Quelle nouvelle humiliation.Quelle nouvelle honte.Je ne pouvais détacher mon regard de la bosse qui grossissait son pantalon à vue d’oil au niveau de l’entrejambe. Ma parole, il bandait !

« D’ailleurs, reprit il, quand je te vois comme ça, ligotée, seins nus, sage depuis un mois, ça me fout une de ces triques.

« Sage, sage, pas tant que cela interrompit la gardienne.

Et sournoisement elle souleva le devant da ma jupe en le coinçant sous la corde pour que je reste le ventre dénudé. Evidemment mon sexe apparu, lisse, lèvres ouvertes, ruisselant, trahissant trop bien le désir intense qui me consumait.

« Ah la salope ! fit Luc, en dégrafant sa ceinture et en sortant son sexe turgescent. Il s’approcha du grillage à le toucher. Et dire que je ne pouvais même pas le prendre en bouche, le sucer comme naguère.

Il commença à se branler consciencieusement, sans me quitter des yeux. Inconsciemment j’ouvrais la bouche, je bougeais la langue comme s’il était en moi, mais je pompais que du vide et j’en pleurais de frustration. Peu à peu il s’excita, la pression montait, il se laissait emporter par le rythme, je pouvais suivre sur son visage la lente montée du plaisir. Et brusquement, il explosa, sa queue contre les grilles, le foutre gicla en longues rasades visqueuses qui m’atterrirent sur le visage. Je fermais les yeux pour ne pas être aveuglée, mais son jet puissant atteignait mes joues, mon nez, mes lèvres que j’entrouvris aussitôt. Il semblait ne pas devoir s’arrêter, il éclaboussa ma gorge, et les gouttes chaudes coulèrent sur mes seins tendu à craquer et dont les aréoles congestionnées me faisait de plus en plus mal. Après un ultime jet sur les seins il se détendit.
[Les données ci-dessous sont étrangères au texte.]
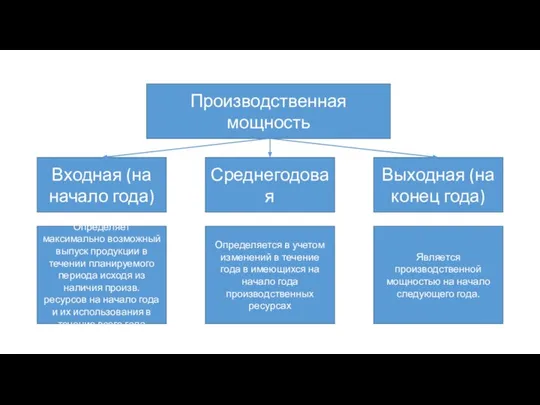 Производственная мощность Входная (на начало года) Среднегодовая Выходная (на конец года)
« Aaaaahhhh la salope ! que c’est bon.. oh putain que c’est bon .

J’étais moi même pantelante, bouleversée, brisée d’avoir vu de si près jouir mon amant, sans la moindre participation.

« C’est l’heure rappela la gardienne, implacable comme toujours

« Allez, salut Carole, il faut que j’y aille. Emmanuelle va m’attendre, on doit partir pour un week end en amoureux en Provence. On pensera à toi en faisant l’amour !

Et je restais là, mais cette fois de grosses larmes se mêlaient au sperme qui commençait à sécher sur mes joues.

« C’est trop tard pour aller déjeuner, fit la gardienne, mais tu n’auras pas tout perdu : lèche la grille, qu’il n’y ait plus une seule trace de ce dégueulasse.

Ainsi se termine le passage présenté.